Editorial

À terceira e com três será de vez?

Será desta que se vai entregar as chaves dos aviões da TAP a privados? Não é certo que seja.

Há mais de 15 anos foi dado o pontapé de partida para a privatização da TAP, num processo com muita turbulência, com altos e baixos, e que ainda está longe de chegar ao fim. Na altura João Cravinho tentou alienar 49% da empresa à Swissair, mas os suíços acabariam por entrar num processo de ruptura financeira e a venda foi abortada. Em 2012, depois de assumir o compromisso com a troika, e já com o actual Governo, há uma nova tentativa de privatizar a empresa, mas Germán Efromovich foi o único a dizer presente. O brasileiro/colombiano ofereceu 35 milhões pela empresa, e comprometeu-se a injectar 166 milhões no imediato e outros 150 milhões num prazo de 18 meses, tendo igualmente assumido o compromisso de ficar com a dívida de 1034 milhões. O negócio acabou por não se concretizar supostamente porque Efromovich não apresentou a garantia bancária devida.

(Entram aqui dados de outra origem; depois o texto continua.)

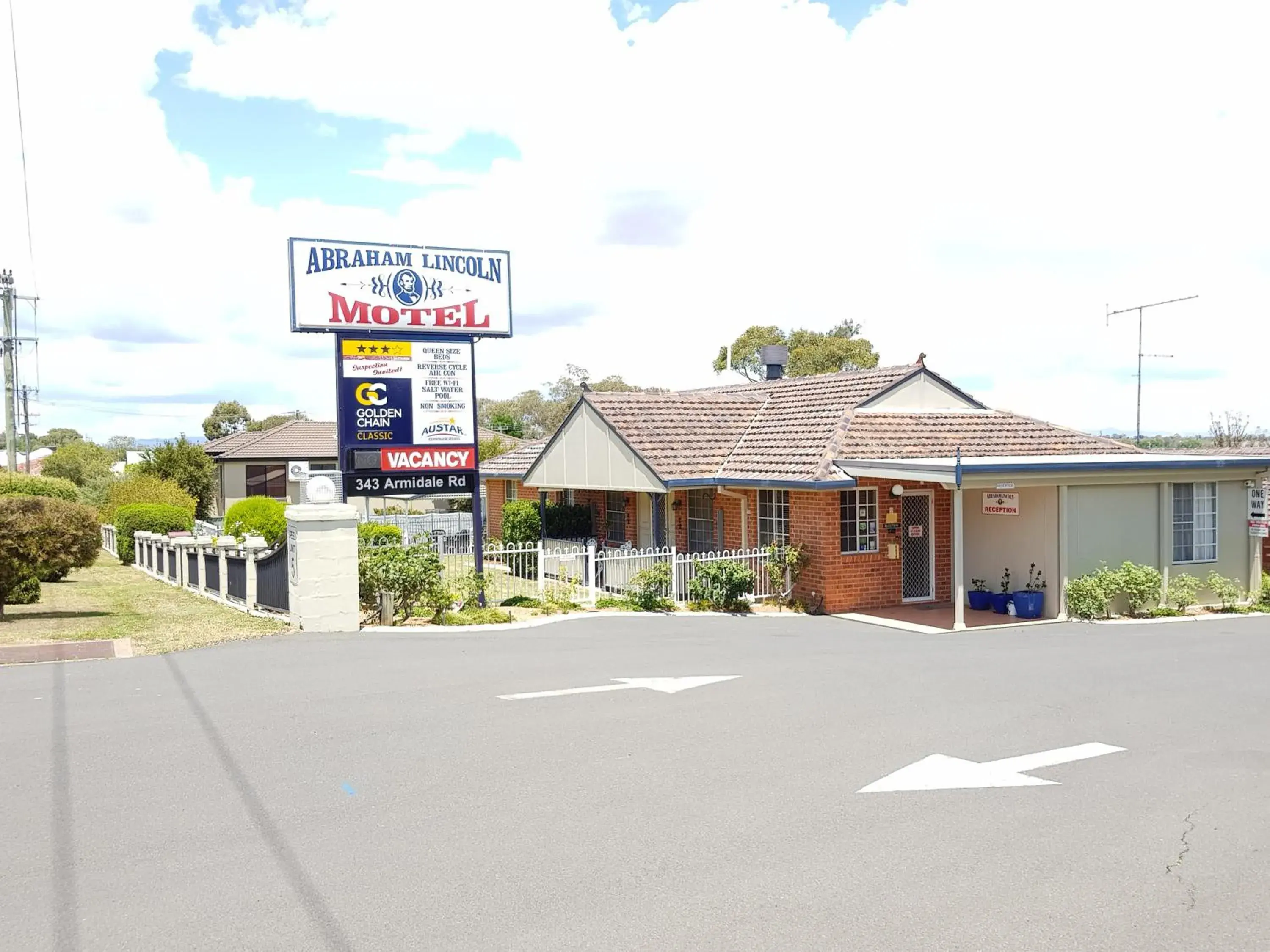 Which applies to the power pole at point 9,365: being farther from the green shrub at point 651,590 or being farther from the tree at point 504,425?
the tree at point 504,425

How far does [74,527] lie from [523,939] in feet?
47.4

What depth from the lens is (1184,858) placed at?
606cm

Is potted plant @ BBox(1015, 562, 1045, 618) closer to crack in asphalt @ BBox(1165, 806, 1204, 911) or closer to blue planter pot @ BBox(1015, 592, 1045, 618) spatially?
blue planter pot @ BBox(1015, 592, 1045, 618)

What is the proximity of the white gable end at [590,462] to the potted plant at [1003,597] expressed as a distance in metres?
6.69

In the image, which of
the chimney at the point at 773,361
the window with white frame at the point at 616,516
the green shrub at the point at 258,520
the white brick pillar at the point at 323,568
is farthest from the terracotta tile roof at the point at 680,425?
the green shrub at the point at 258,520

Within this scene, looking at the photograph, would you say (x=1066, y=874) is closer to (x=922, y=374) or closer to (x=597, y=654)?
(x=597, y=654)

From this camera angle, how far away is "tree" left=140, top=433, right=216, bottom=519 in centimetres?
4694

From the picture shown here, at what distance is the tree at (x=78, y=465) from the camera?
206ft

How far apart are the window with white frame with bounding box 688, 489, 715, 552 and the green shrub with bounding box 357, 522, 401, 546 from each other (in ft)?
21.2

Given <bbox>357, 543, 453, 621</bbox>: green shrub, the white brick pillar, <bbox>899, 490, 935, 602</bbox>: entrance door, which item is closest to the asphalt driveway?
the white brick pillar

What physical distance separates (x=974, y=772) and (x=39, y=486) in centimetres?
3184

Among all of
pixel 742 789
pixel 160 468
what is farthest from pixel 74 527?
pixel 160 468

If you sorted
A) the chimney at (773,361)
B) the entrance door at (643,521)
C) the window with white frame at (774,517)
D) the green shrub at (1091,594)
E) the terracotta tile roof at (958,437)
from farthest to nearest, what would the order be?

Agora, à terceira tentativa poderá ser de vez, já que a concurso apresentaram-se três candidatos: além do habitué Germán Efromovich, também o americano David Neeleman e o empresário português Miguel Pais do Amaral. A probabilidade desta vez de o negócio não avançar é mais reduzida, já que há por onde escolher, embora ainda não se conheça o mérito e a bondade de cada uma das propostas.

Os três candidatos têm um currículo de sucesso empresarial e uma carteira de negócios onde assenta bem uma empresa com o perfil da TAP. Mas também têm fragilidades. Efromovich ficou com a imagem beliscada depois da falsa partida em 2012. Como é possível não apresentar uma garantia de 25 milhões num negócio que envolve muitos mais milhões de euros? Neeleman não tem passaporte comunitário e terá de se socorrer de um parceiro nacional para tentar contornar a limitação de Bruxelas que impede não-europeus de controlar companhias aéreas da região. E Pais do Amaral não se lhe conhece nenhuma experiência na aviação, devendo colmatar tal lacuna também com uma parceria com alguém que conhece o sector.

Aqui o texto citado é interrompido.